For the first time since the inception of the common currency area, eurozone GDP contracted by 0.2% q-o-q in the second quarter of 2008. The country breakdown has been slightly surprising with Germany faring a bit better than feared (-0.5% q-o-q), and France and Italy both contracting by 0.3%. France is the real negative surprise of the day. The demand breakdown – that will be published on September 3 – risks being as disappointing as the overall GDP figure. We assume that private consumption was flattish, mainly because of an adverse real income dynamics induced by the then-spiking oil prices and by a more difficult access to credit for households. Gross fixed capital formation probably shrank (-0.5% q-o-q our assumption) because of the construction setback from the strong Q1, but also because of a subdued capex dynamics. Export growth slowed substantially, hurt by the strong currency and softening global demand, and so did imports reflecting the weakness in domestic demand. As a result, net export should have dragged 0.2pp from overall growth.
The buffer that separates the economy from outright recession has been largely exhausted, so a natural question is whether we have seen the worst, or if leading indicators have further to fall. If an abrupt GDP slowdown in Q2 had to be expected, the most recent developments certainly suggest that growth weakness goes beyond a technical correction. In particular, we regard the further drop in July PMIs as a worrisome signal: both the factory and the services sector indices are on a steep downward trend and currently stand well below the 50 threshold, implying that the downturn is becoming increasingly broad based In July our EMU composite PMI fell one full point to 48.1, consistent with 0.1% q-o-q GDP growth at the beginning of Q3. Growth momentum has virtually come to a halt.
Contemporarily, there was good news on the inflation front. July’s CPI was revised down to 4.0% mostly thanks to aggressive sales on clothing. Here the good news is that given the recent drop in oil prices, the peak should be behind us. Also in line with our view was the decline in core inflation to 1.7% from the prior 1.8%. Another signal that the growth slowdown is taking care of the underlying fundamental inflation.

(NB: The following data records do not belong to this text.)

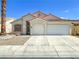 Charming single-story home with a well-maintained front yard and a two-car garage at 8940 Emery Lake St, Las Vegas, NV 89123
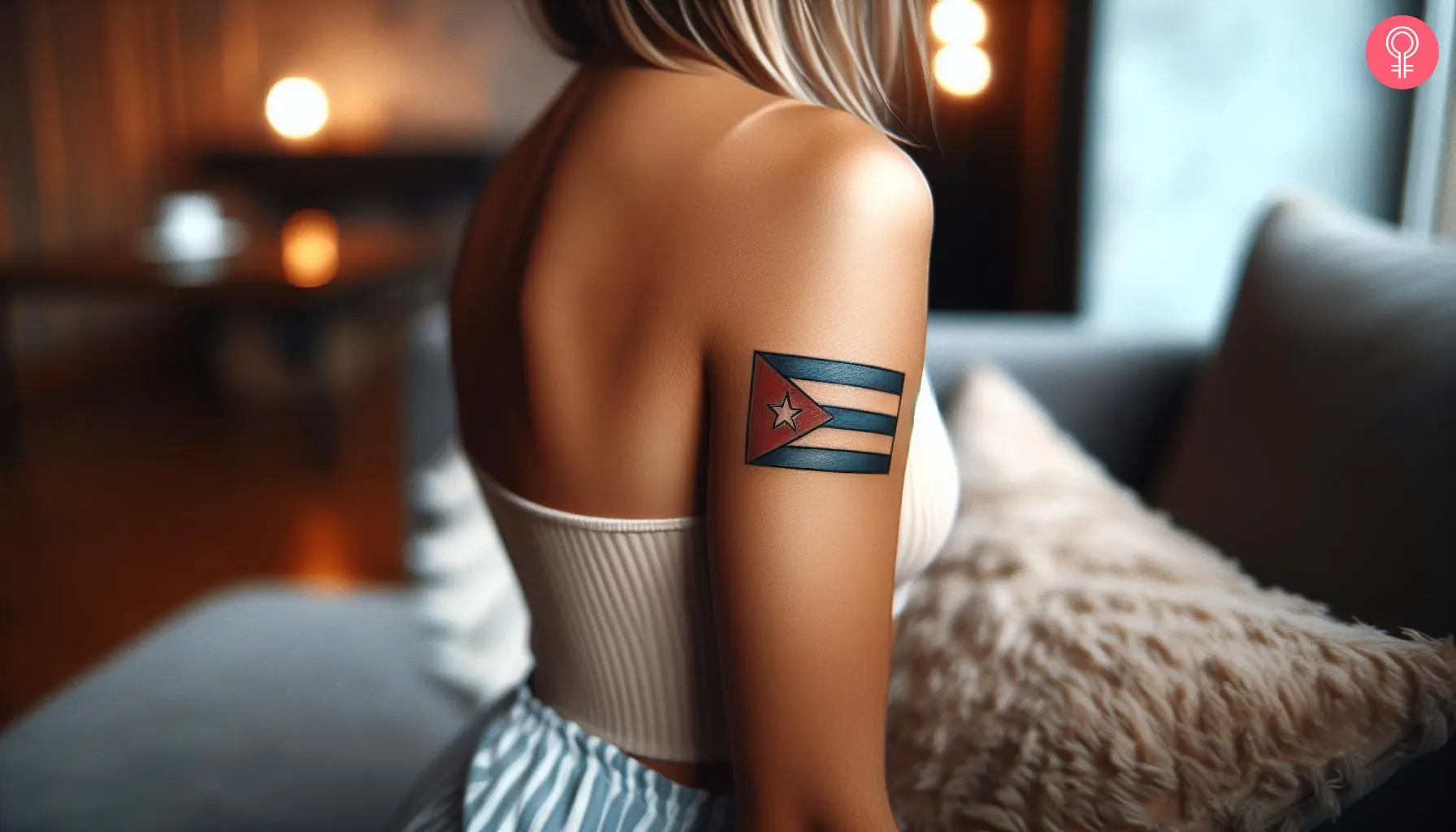 A cuban flag tattoo on the upper arm of a woman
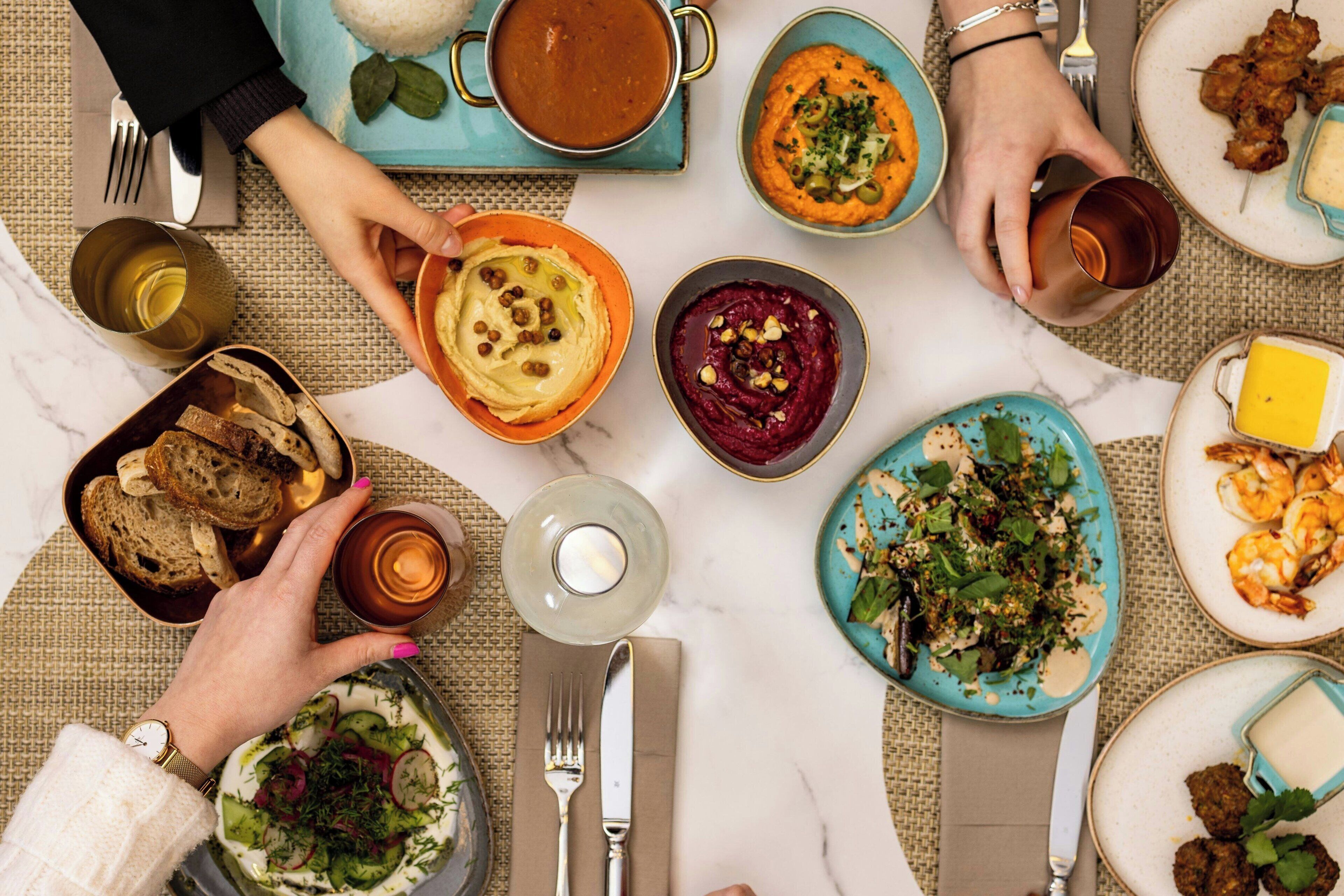 A table set with various dishes, including hummus, salad, and grilled shrimp, indicating a meal setting.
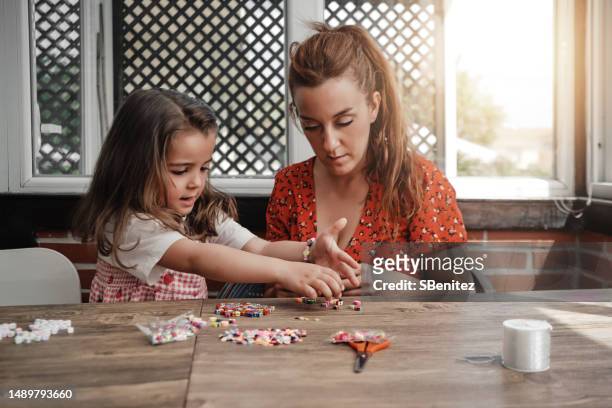 happy girl and mom making string bracelets - bead string stock pictures, royalty-free photos & images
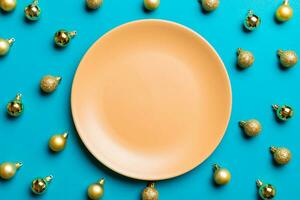 Top view of festive plate with golden baubles on colorful background. Christmas decorations and toys. New Year advent concept photo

ECB bottom line. With growth slowing abruptly and inflation expectations off their peak, risks of a near-term ECB hike have been wiped out. We have little doubts that current survey numbers are weaker than the central bank had expected when announcing a rate hike in June. They will have to trim their GDP forecast substantially in September, while the inflation outlook will benefit from lower oil prices and could therefore be relatively little changed with respect to three months ago. So far markets have shown a dovish interpretation of the last ECB meeting and empirical evidence, with bonds rallying and the EUR-USD falling off a cliff. We would be a bit more cautious. Almost at the end of last week’s press conference, when commenting the movement in inflation expectations – that we would ascribe more to the oil dynamic than to the ECB July move – Trichet said that there will be no complacency on inflationary pressures. And clearly, the central bank is not pleased at all with the curve already pricing in rate cuts next year. Plus the Q3 Survey of Professional Forecasters (out this morning) shows inflation expectations for 2010 at 2.1% and the long-term forecasts at 2%, hence both above the ECB’s definition of price stability. In the ECB’s mind, the process should be more gradual, but they are paying the price of the communication mistake of the June meeting and seem having trouble in steering effectively market expectations as they did in the past. Hence, we remain convinced that rate hikes for this year are now extremely unlikely but before seeing some relaxation in the stance it will take some time, no earlier than the first half of next year.
We expect steady rates for quite some time, and rate cuts starting in mid-2009, when inflation will fall toward 2%.